An addition to my library

St Aubin - Glossary in  "The Art of the Embroiderer"

St Aubin - Glossary in "The Art of the Embroiderer"

Charles Germain de St Aubin was designer to Louis XV of France, and he wrote a famous work entitled “The Art of the Embroiderer”, which is much referenced among scholars of textiles of the period, but has proven tricky to track down. Not to mention, my grasp of seventeenth century technical French really isn’t up to scratch.

Now, however, I’ve got hold of a recent translation. The Los Angeles County Museum of Art commissioned a translation, and produced the resulting book splendidly, with colour plates of interesting relevant textiles from their collection (annotated by the curator) and a facsimile of the original work, all on good paper and properly bound and presented in a slipcase. I gloat quietly to myself every time I look at it!

St Aubin - Colour Plate in "The Art of the Embroiderer"

St Aubin - Colour Plate in "The Art of the Embroiderer"

The book is of interest to me because he talks of chenille embroidery, and implies that there are two known methods for making a chenille yarn, one of markedly poorer quality than the other. This is very strange, because until some time in the seventies you would have been told that there was only one way to make a chenille, and that the method St Aubin dismisses as being of poor quality. As far as I am aware no one has yet worked out quite what St Aubin meant, or what other technique he was referring to.

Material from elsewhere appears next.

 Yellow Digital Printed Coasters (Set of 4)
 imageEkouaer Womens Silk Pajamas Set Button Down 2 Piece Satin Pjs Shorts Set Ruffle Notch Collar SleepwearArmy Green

Wouldn’t it be wonderful to find out!



  1. deanna7trees says:

    how interesting. i have made some chenille many years ago when they came out with that amazing chenille tool. i also have lots of squares of vintage chenille that i got on ebay and have used to make a couple of blankets for children. there are so many beautiful patterns. the book sounds wonderful.

  2. Elmsley Rose says:

    Germain….and in a slipcase!
    I’m drooling so much, it’s bubbling! (I apologise for the mental picture!)

    The zoom is unclear – rats!

  3. I love puzzles and that book has me turning green with envy.

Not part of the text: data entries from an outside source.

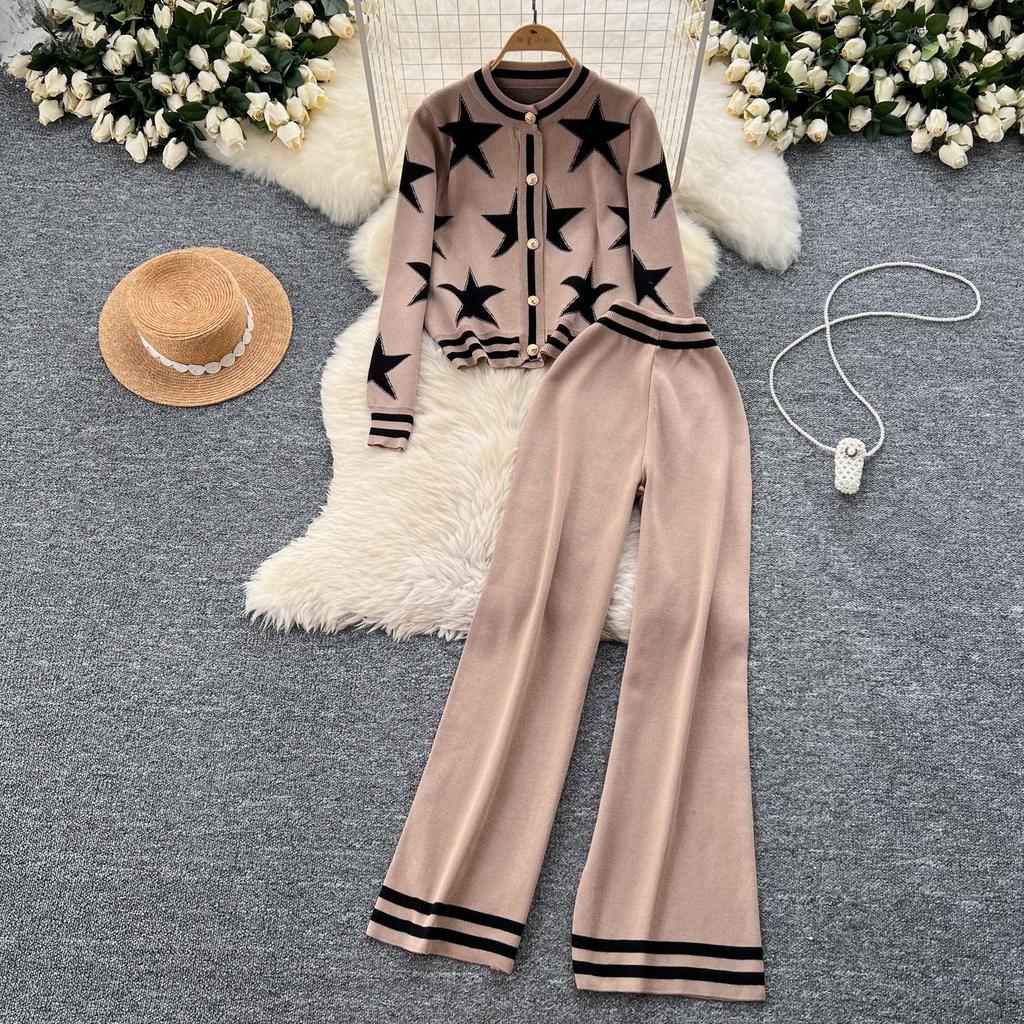 Korean Fashion Star Print Crew Neck Single-breasted Knitted Cardigan Sweater Jacket Women's High-waisted Casual Wide-leg Trousers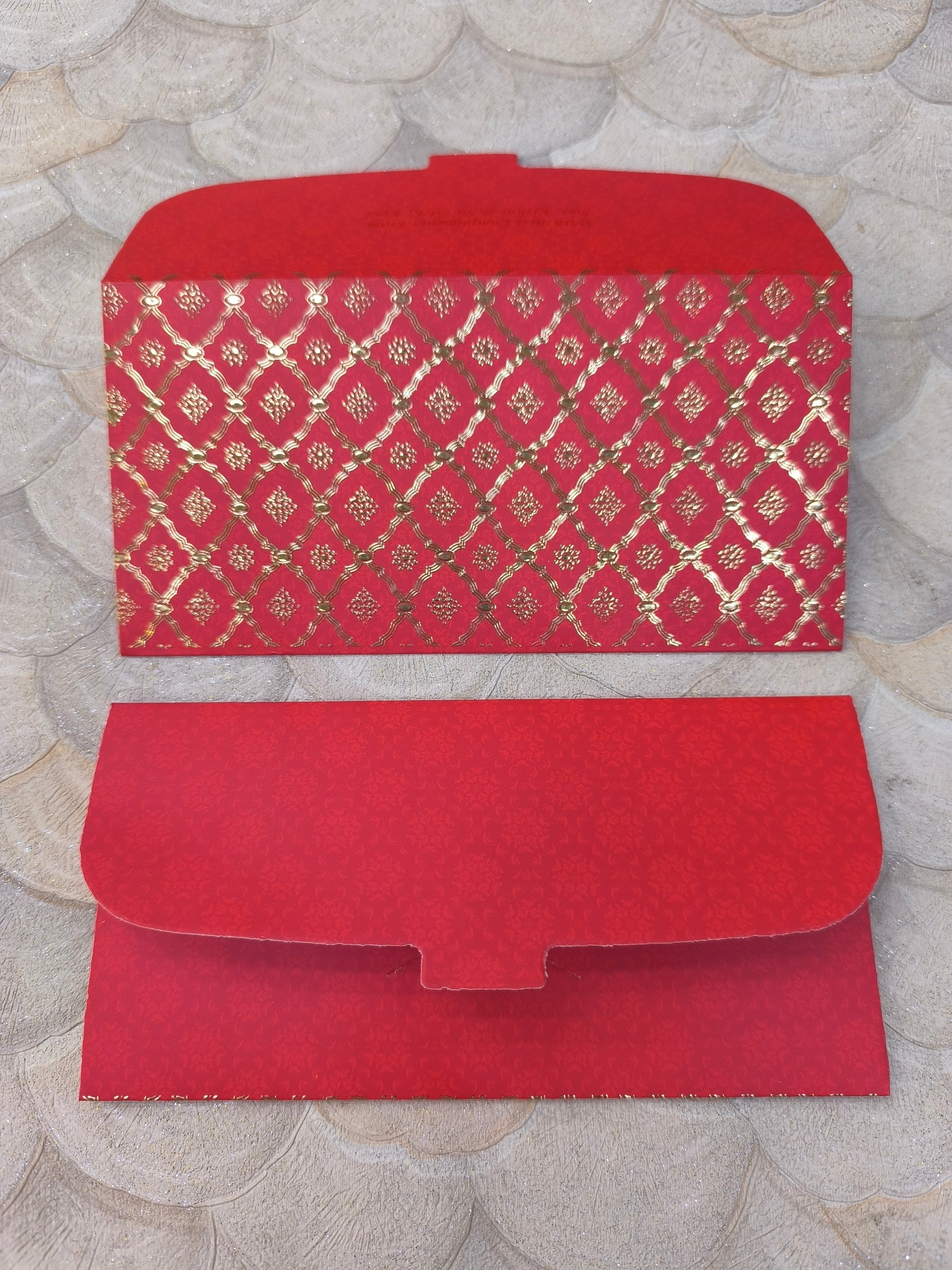 KL85 Premium Gold Foil Designer Shagun Money Envelopes (Pack of 50)-Kalash Cards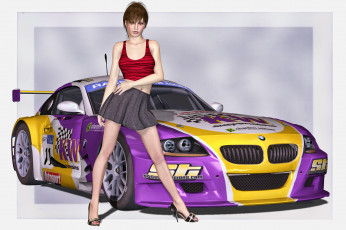 Картинка автомобили 3д автомобиль девушка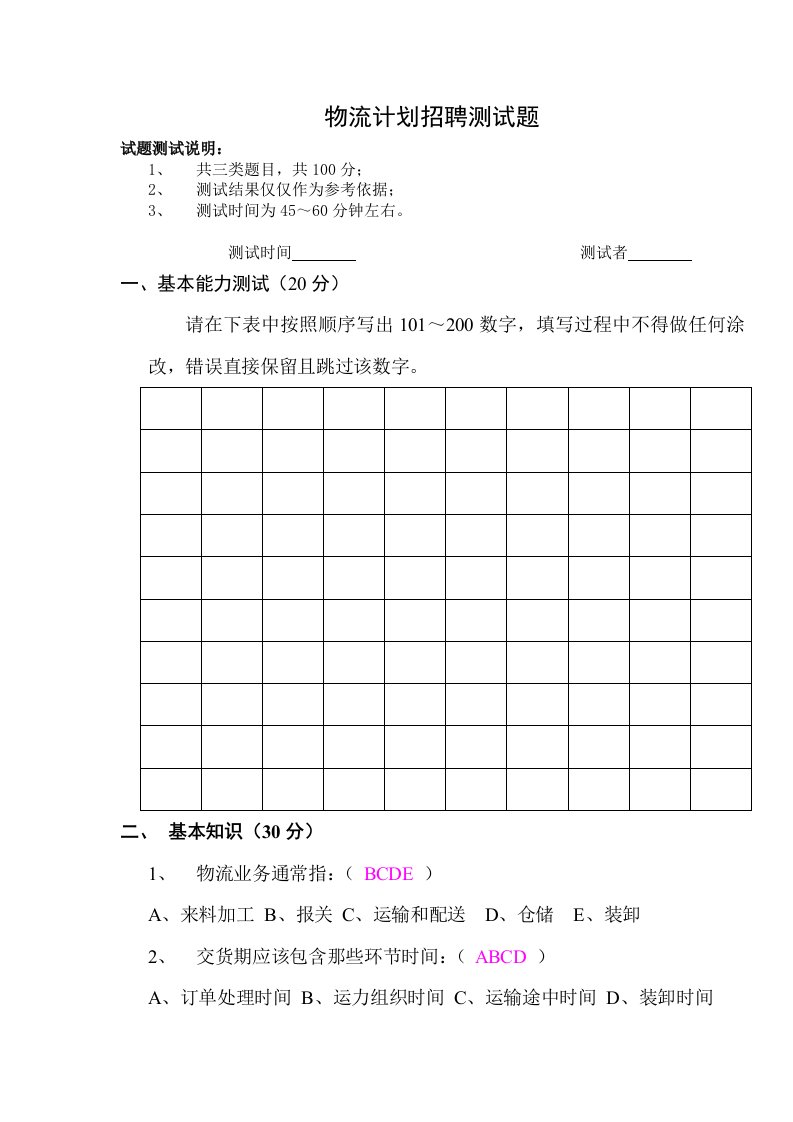 精品文档-物流计划招聘测试题答案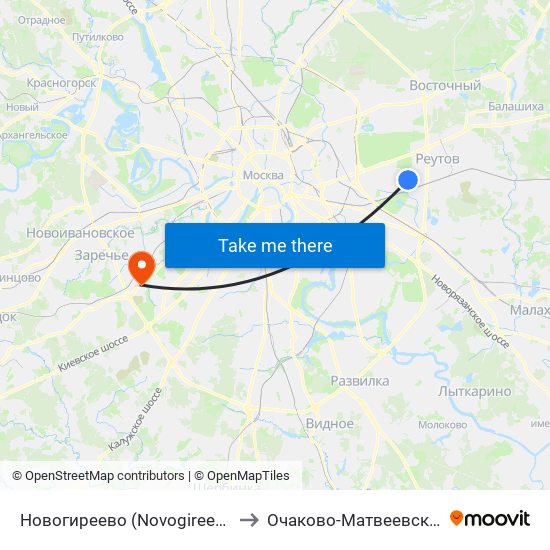 Новогиреево (Novogireevo) to Очаково-Матвеевское map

  4. It looks like a wonderful book – the colour plate looks fabulous! The only chenille I know how to make is ‘ faux chenille’ – stitching several layers of fabric together on the diagonal with evenly spaced parallel lines, then cutting through all the layers except the back one between the lines of stitching. Once washed and tumbledried, you end up with a lovely thick fabric.

  5. Penny says:

    This looks like a wonderful book! I know you’ll have many, many pleasurable hours checking out each and every stitch.

  6. karen says:

    I love to get new books and don’t blame you art all for gloating….gloat away!

  7. Lady Fi says:

    Wonderful colour plate!

  8. What a marvellous find, and how interesting. Enjoy your researching!

  9. Kimberly says:

    I have the exact same copy! I bought it many years ago at a needlework seminar. At the time, I wondered why I was buying it since I did only counted thread embroidery. Later, when I moved on to surface embroidery, I was very glad I did!
    Also, when the Plimoth jacket project began, and I first used a slate frame, I was tickled to see the detailed directions of slate frames on pp 23-25.
    I’m sure you’ll enjoy it for many years to come, too!

  10. Janice says:

    Another interesting project for you then! Good luck with that one! 🙂

  11. Julie T. says:

    I was a weaver for many years, and as I recall, these days chenille is made from cotton or rayon. Although much more slippery, rayon holds up better than the chenille made from cotton. I’ve woven with rayon chenille and love the shine and feel of the finished product, but it still tends to worm itself out of the braided fringe.

    Love the book!

  12. Susan says:

    I think we should put Tricia Wilson Nguyen on the hunt for the answer to the chenille thread. I had the good fortune of acquiring a small bit of vintage silk chenille. It FAR surpasses any versions silk or otherwise of chenille thread made today in both stitchability (it doesn’t worm) and it’s sheen and beauty. I have a number of antique chenille pieces and I believe they were stitched with this finer version of chenille. I too would join you in wanting to know the answer….

    I just bought the book. Thanks for telling me about it!